An Ecological Economic Critique of the Use of Market Information in Life Cycle Assessment Research


Address correspondence to:
Nathan Pelletier
Dalhousie University
School for Resource and Environmental Studies
6100 University Ave
Halifax, Nova Scotia B3H 3J5


The rising prominence of life cycle assessment (LCA) and similar environmental accounting frameworks reflects increasing awareness of the pressing necessity of managing both for eco-efficiency and with respect to the macroscale, environmental dimensions of the material/energy flows and emissions that underpin all economic activity. However, by relying on environmentally myopic market signals to inform evaluations of the biophysical dimensions of economic activity through the widespread use of market information (in particular, via economic allocation) in LCA, we are concerned that researchers greatly compromise the value of their work to furthering these objectives.

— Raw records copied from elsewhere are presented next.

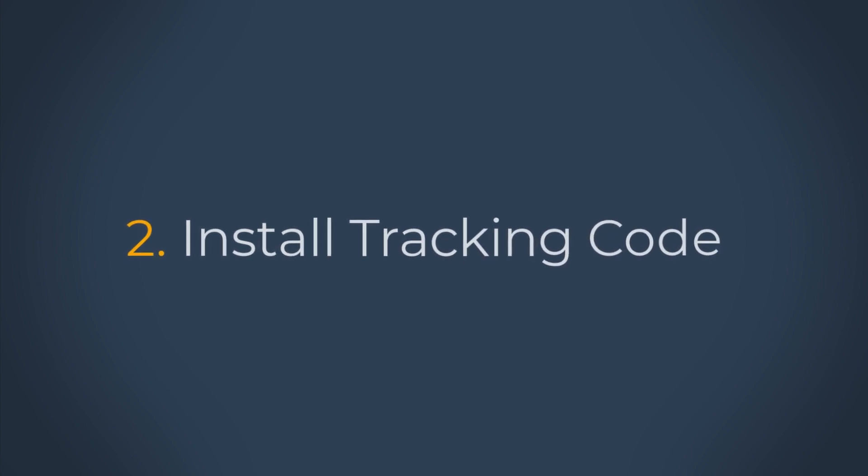Step two is to install the tracking code. In order to collect data and see reports in Google Analytics, you will need to install the Google Analytics tracking code on your website. So I'll show you now how to do that step by step using a free WordPress plugin.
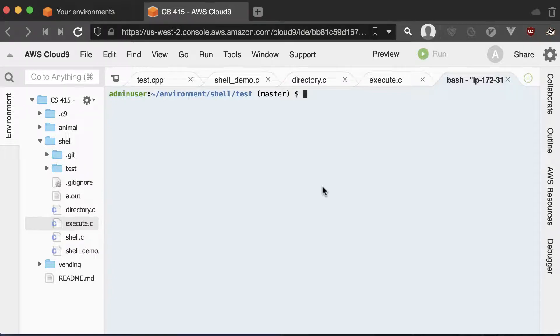Aloha and welcome to this video that will hopefully give you some good hints in completing your shell lab in CS415.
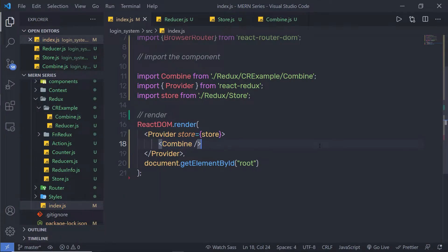In this lecture, we are going to learn how to use the bindActionCreators helper function in the Redux application. Normally, we should just call dispatch directly on our store instance. If you use Redux with React, React Redux will provide you with a dispatch function so you can call it directly too. The only use case for bindActionCreators is when you want to pass some action creators down to a component that isn't aware of Redux.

In response to this problem, we provide a systematic critique of the use of market information in attributional LCA and present the case for an ecological-economic approach to the execution, interpretation, and application of biophysically consistent LCA research specifically intended to elucidate the environmental dimensions of meeting human needs. We further argue that, although LCA has historically been limited to informing eco-efficiency considerations, it can and should also be used to manage for sustainable scale, which is the first condition of sustainability.